**Task data**:
◆ ◆ ◆ ◆
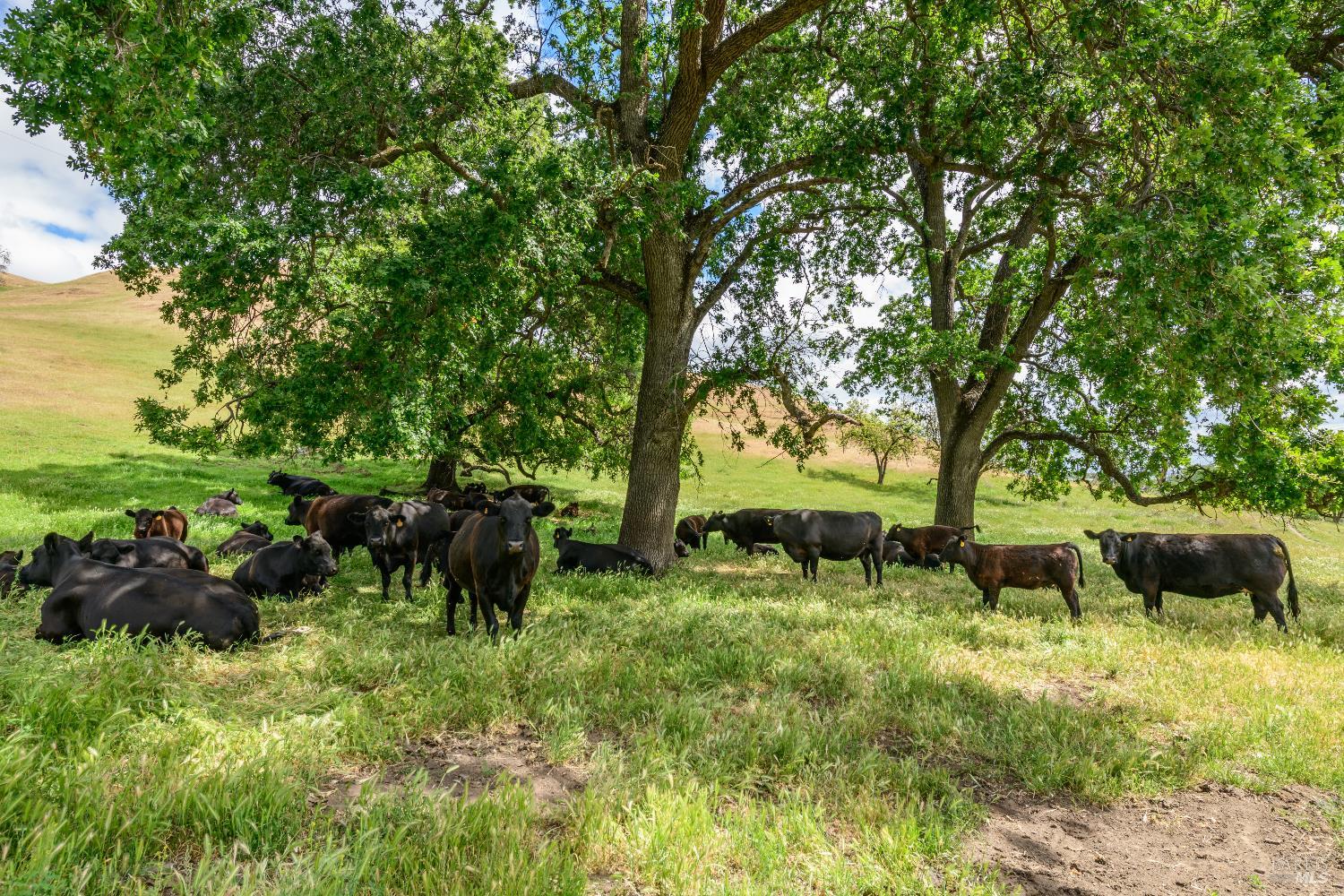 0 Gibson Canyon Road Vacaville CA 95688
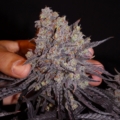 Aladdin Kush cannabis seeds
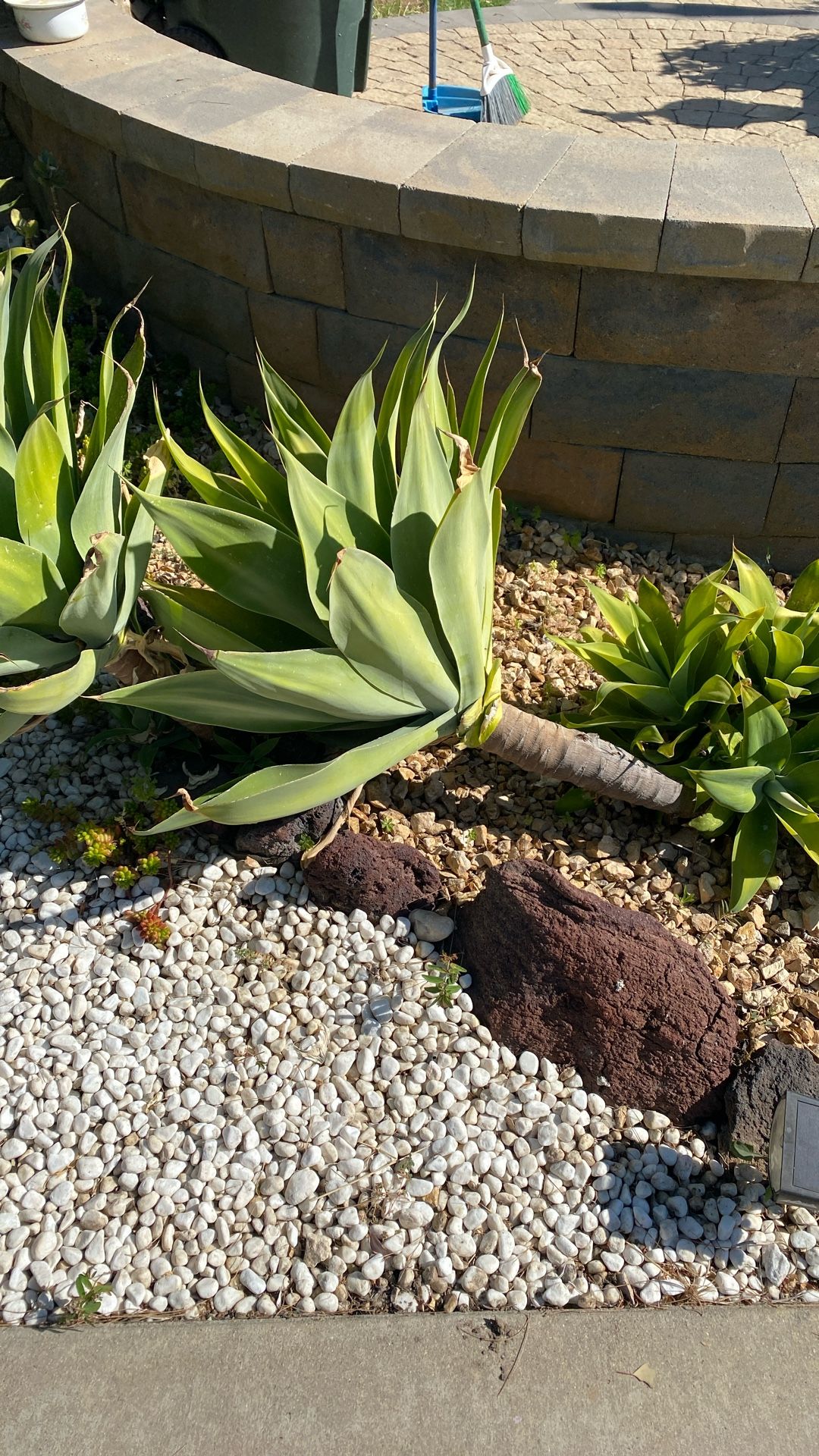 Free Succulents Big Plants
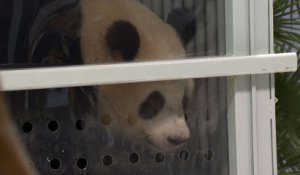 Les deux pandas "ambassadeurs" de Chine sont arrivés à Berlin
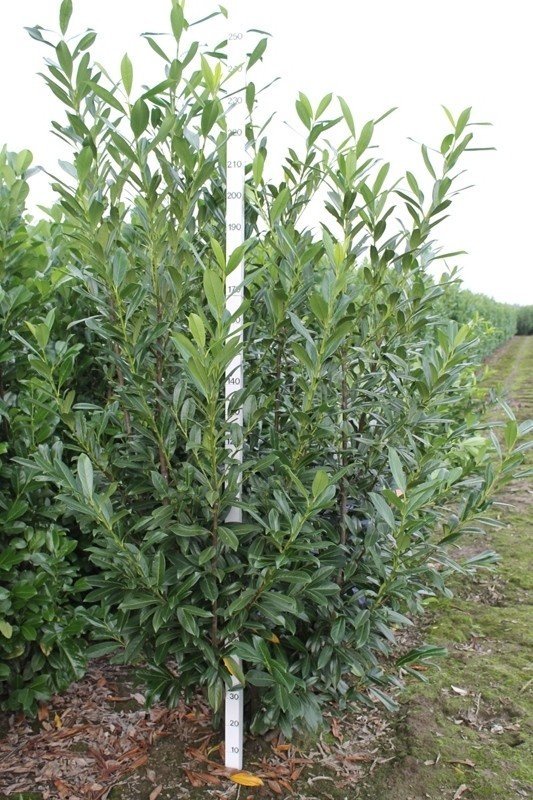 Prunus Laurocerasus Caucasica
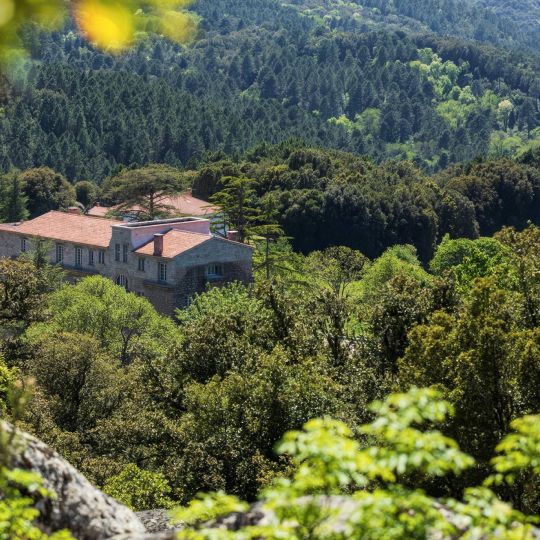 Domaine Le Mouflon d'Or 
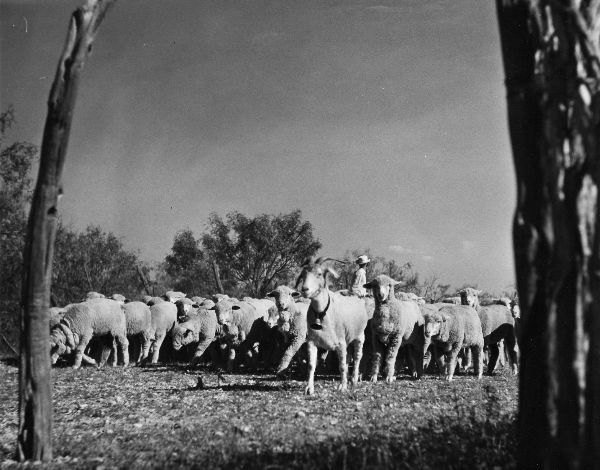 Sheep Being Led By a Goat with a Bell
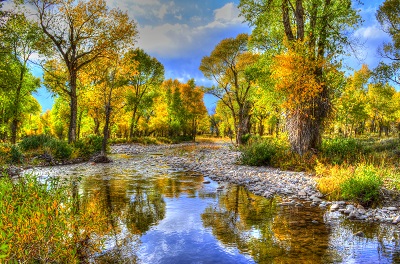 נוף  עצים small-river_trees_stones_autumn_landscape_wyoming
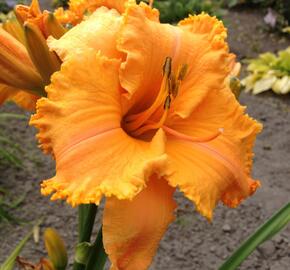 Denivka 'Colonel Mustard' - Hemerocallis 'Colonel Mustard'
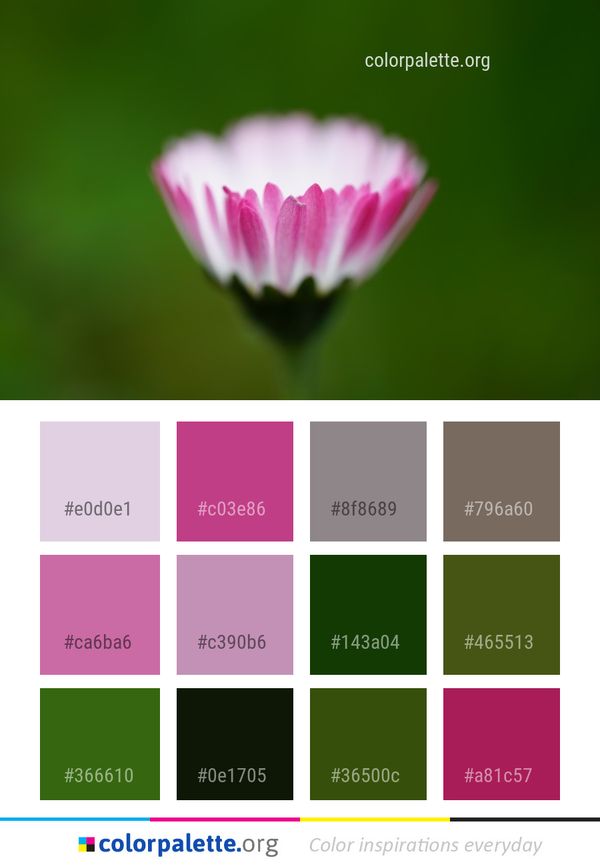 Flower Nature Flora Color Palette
◆ ◆ ◆ ◆
**Work task**:
For this exercise, retype exactly, and only, the lines from the line with "Denivka 'Colonel Mustard'" through the last line of the material above, both included. Pictures stay out.

**Exercise solution**:
 Denivka 'Colonel Mustard' - Hemerocallis 'Colonel Mustard'
 Flower Nature Flora Color Palette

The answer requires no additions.